◆ Your assignment ◆
Please return only the lines from the one with "Кольцо тонкое из" through the final line of the data, unchanged, with pictures omitted.

[Dataset excerpts]
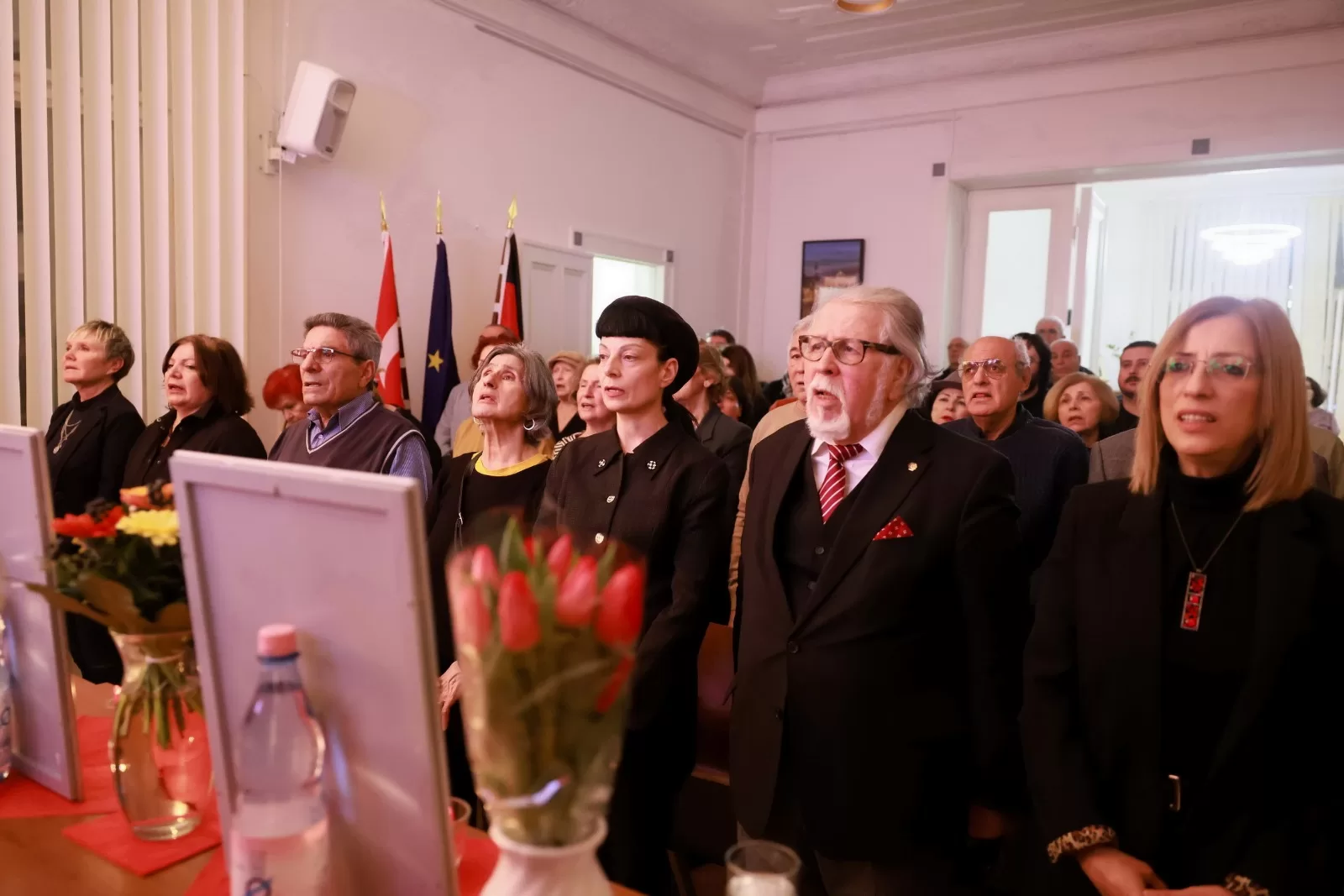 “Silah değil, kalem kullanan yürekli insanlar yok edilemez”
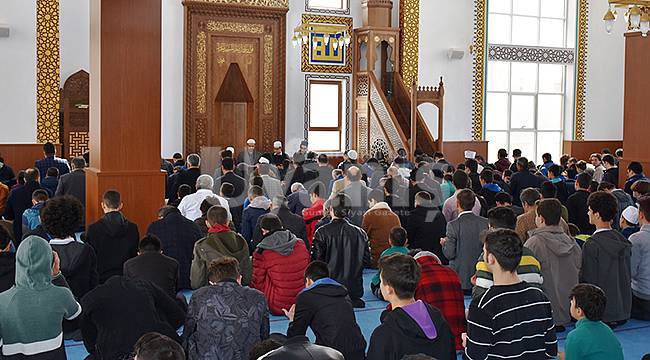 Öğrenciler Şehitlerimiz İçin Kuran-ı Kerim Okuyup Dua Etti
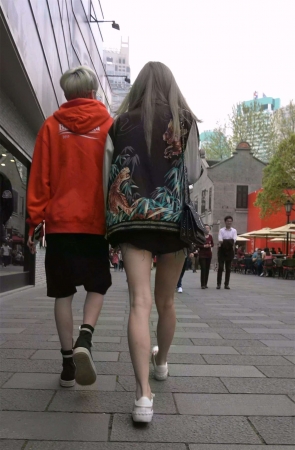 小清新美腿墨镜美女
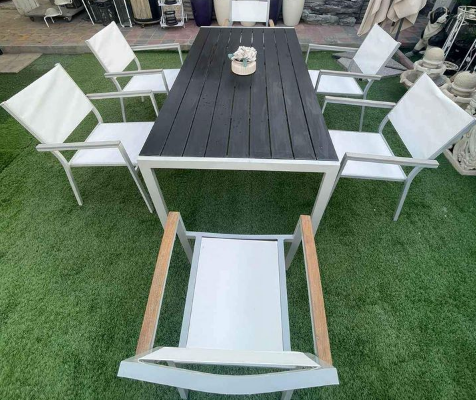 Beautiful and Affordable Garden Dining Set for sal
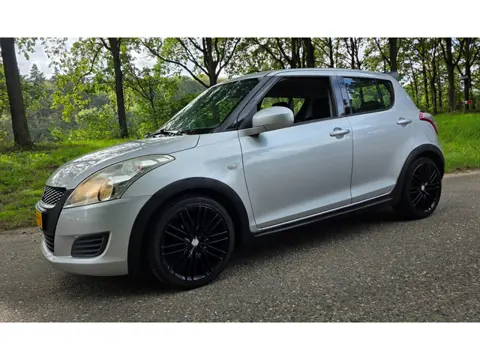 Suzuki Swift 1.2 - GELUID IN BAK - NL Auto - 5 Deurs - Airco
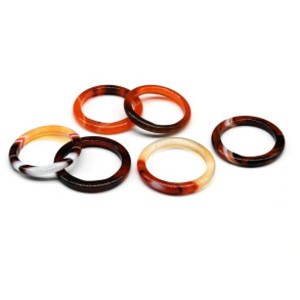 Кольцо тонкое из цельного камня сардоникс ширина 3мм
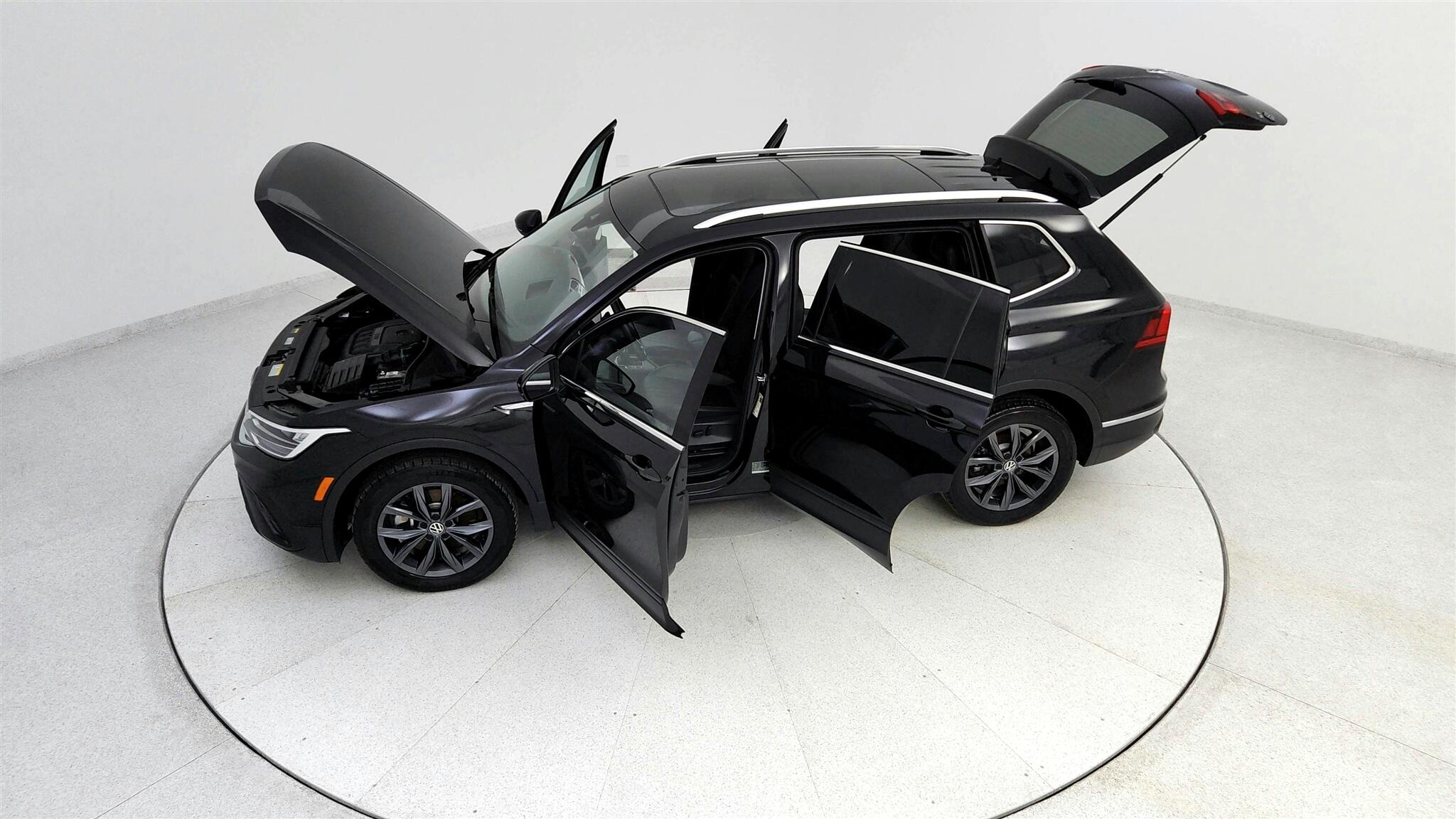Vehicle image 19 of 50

◆ Exercise answer ◆
 Кольцо тонкое из цельного камня сардоникс ширина 3мм
Vehicle image 19 of 50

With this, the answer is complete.